# Motorpickle DIY



## Dagger (Jan 31, 2020)

I am trying to make my own motorpicke. I knoe the wiring , have the panel cable xlr, micro switch etc. 

I can not find appropriste housing for it. Any suggestions. 

I have attached an image for reference.


----------



## josh88 (Jan 31, 2020)

Thats just a neutrik D size housing adapted for that pocket pickle. Your switch is a momentary switch correct?


----------



## Dagger (Jan 31, 2020)

That is correct


----------



## Dagger (Jan 31, 2020)

Is that what you are referring to?
I need place to put up and down switch though...


----------



## josh88 (Jan 31, 2020)

Yeah, you can clearly see the example you posted was modified, the cut out is rough near the top of the switch. I'd have drilled it out and cut it differently or gone with a different option but the reddit thread about your example made it clear that was a prototype version some guy was making.


----------



## Dagger (Jan 31, 2020)

What option would you have gone?


----------



## josh88 (Jan 31, 2020)

I'd have gone with a premade version to save me the hassle of making my own. there are plenty of small pocket pickle options on the market already for a reasonable cost given that they deal with controlling motors. Monkey wrench productions make a nice compact cheap one that I like. But the one Applied makes, is worth the $90 in my opinion.


----------



## Dagger (Jan 31, 2020)

You work mostly with L14-20?

I looked at those but i use XLR only pretty much


----------



## josh88 (Jan 31, 2020)

Our stacking motor is twist lock L14-20, the rest of our motors use l14-20 twistlock with 7 pin motor cable from the distro. None of the broadway tours or for that matter any tours that we've had through our space with motors in the last two years have been anything but that. Nothing has used xlr. So I've had no need for one like that.


----------



## Dagger (Jan 31, 2020)

What motors you use ? Cm , stagemaker, .etc?


----------



## josh88 (Jan 31, 2020)

Stacking motor is a CM hoist, the other 10 we have are stagemakers, primarily with the tours we have come through we see CM motors.


----------



## Dagger (Jan 31, 2020)

Apaer feom the conncetin What are the differences between xlr vs twistlock ?


----------



## josh88 (Jan 31, 2020)

Personally I just prefer the twistlock because it feels like a more robust connector. As an audio guy I've ran into so many smashed/destoryed xlrs over the years, if thats what the majority of the motors you see use though and you take care of it, its not that big of an issue, but a twist lock pickle I know I can toss around and not worry about. I rarely have a need for a pocket pickle though generally speaking theres a distro with a control box near by and other than the 30 seconds to float or land a motor, pocket pickles don't get used that much in day to day life. Handy to have just in case, but you also have to remember to carry it then too, and on half the tours its seems like they'd rather run their motors in and out themselves rather than hand it over to someone they dont know.


----------



## Amiers (Jan 31, 2020)

Go with 14-20 if you can. The XLR pickles we have sit and rot in a milk crate.

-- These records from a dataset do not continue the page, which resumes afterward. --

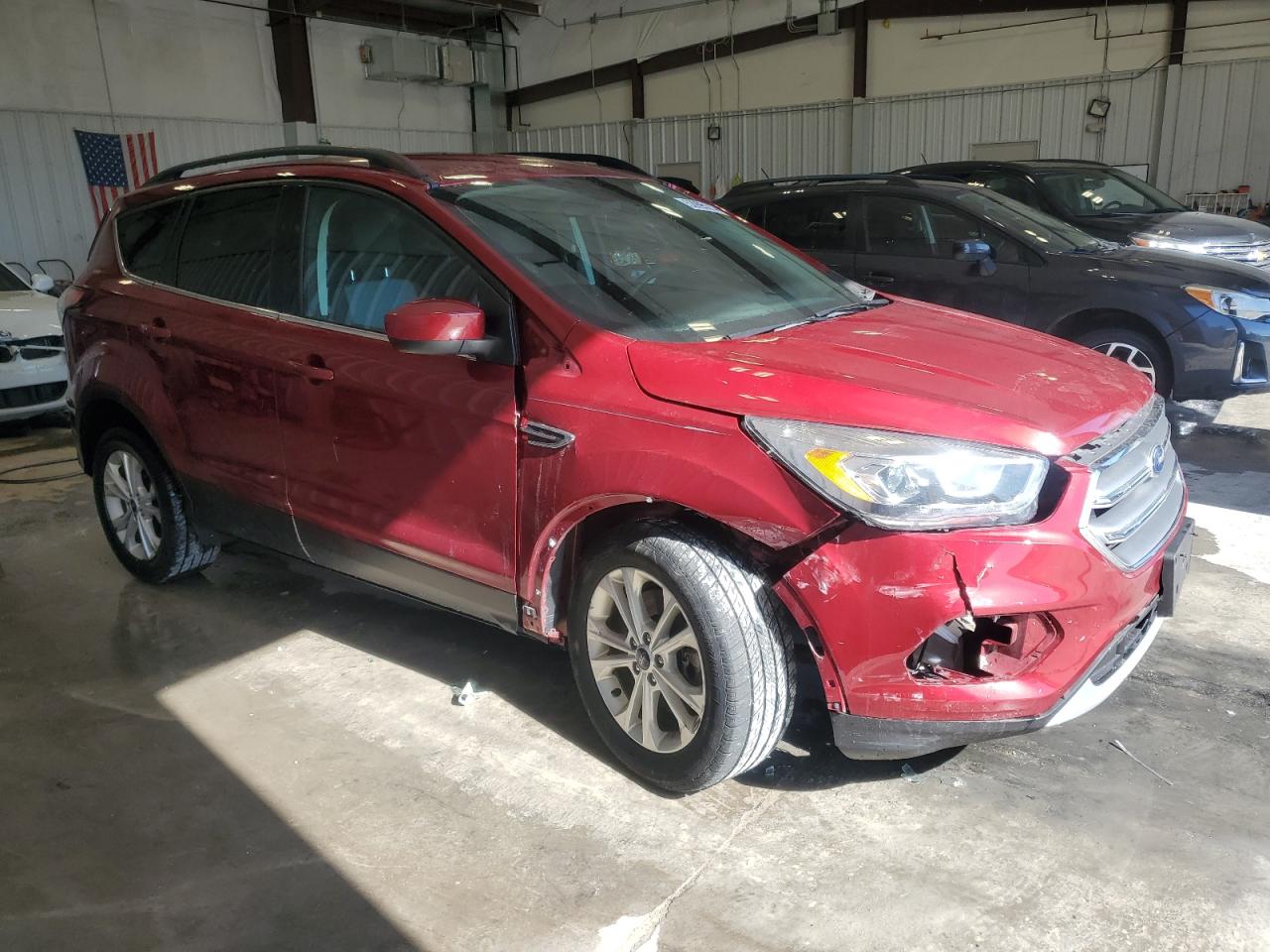 1FMCU9GD9HUE88332 2017 Ford Escape Se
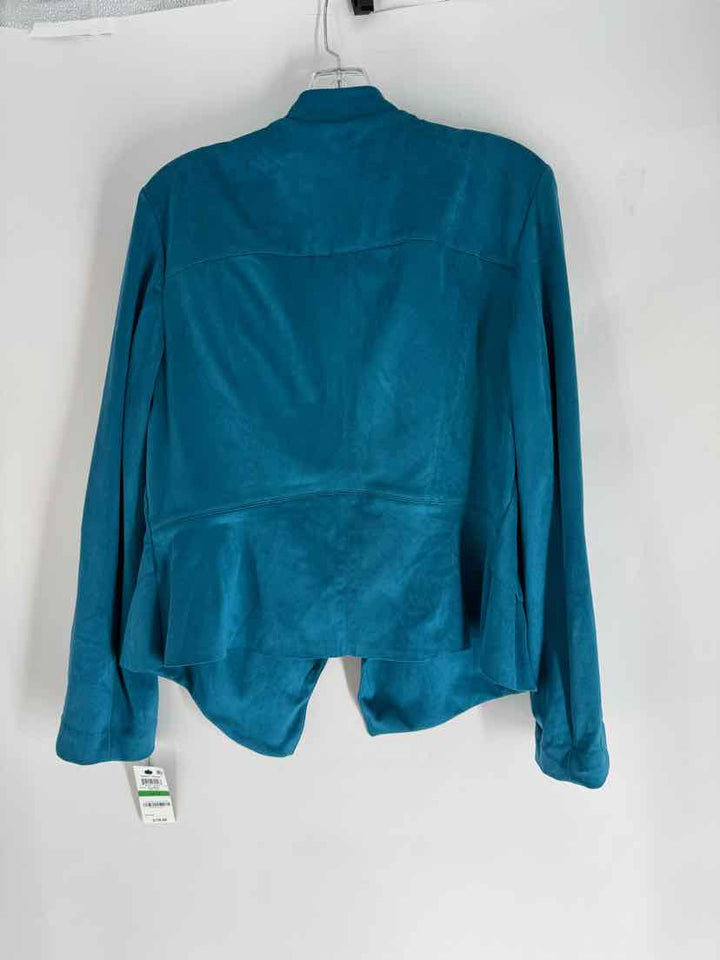 Size L INC Teal Blazer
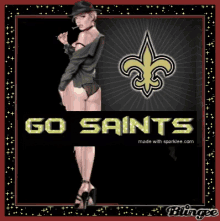 Orleans New Saints Saints GIF - Orleans New Saints Saints GIFs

but really it depends on what motors run through your area.

Also on a national scale most venues will provide and prefer to provide points and truss and the kit n caboodle. Which means you will have no need for anything besides gloves, the directions to the lift and where the truck full of your gear is. Baring you work for the companies providing the rig.


----------



## josh88 (Jan 31, 2020)

I'm working with the lead rigger/flyman of Wicked while they've been on break and talking about how they do everything, all of their motors are 14-20 and for that matter most of their gear and scenic elements are rigged to fly stacked on themselves because when they run out of space they start storing vertically.


----------



## Dagger (Jan 31, 2020)

josh88 said:


> I'm working with the lead rigger/flyman of Wicked while they've been on break and talking about how they do everything, all of their motors are 14-20 and for that matter most of their gear and scenic elements are rigged to fly stacked on themselves because when they run out of space they start storing vertically.



Could you explain " stacked", stacking motor etc.

99% the motors we use here are xlr. Only used twistlock on some arena rockn roll shows .


----------



## egilson1 (Jan 31, 2020)

Dagger said:


> Apaer feom the conncetin What are the differences between xlr vs twistlock ?



The main difference is that the control voltage on a hoist is usually 120v which an xlr connector is not rated for. 

My advice? Make your xlr version, and then eventually buy a 14-20 version and have both in your bag. They don’t take up much room at all.


----------



## josh88 (Jan 31, 2020)

Dagger said:


> Could you explain " stacked", stacking motor etc.
> 
> 99% the motors we use here are xlr. Only used twistlock on some arena rockn roll shows .



A motor for stacking and unstacking road cases. Usually just runs around head height with 2 spansets on it to hook under the top case near the wheels to pick and lower to the ground.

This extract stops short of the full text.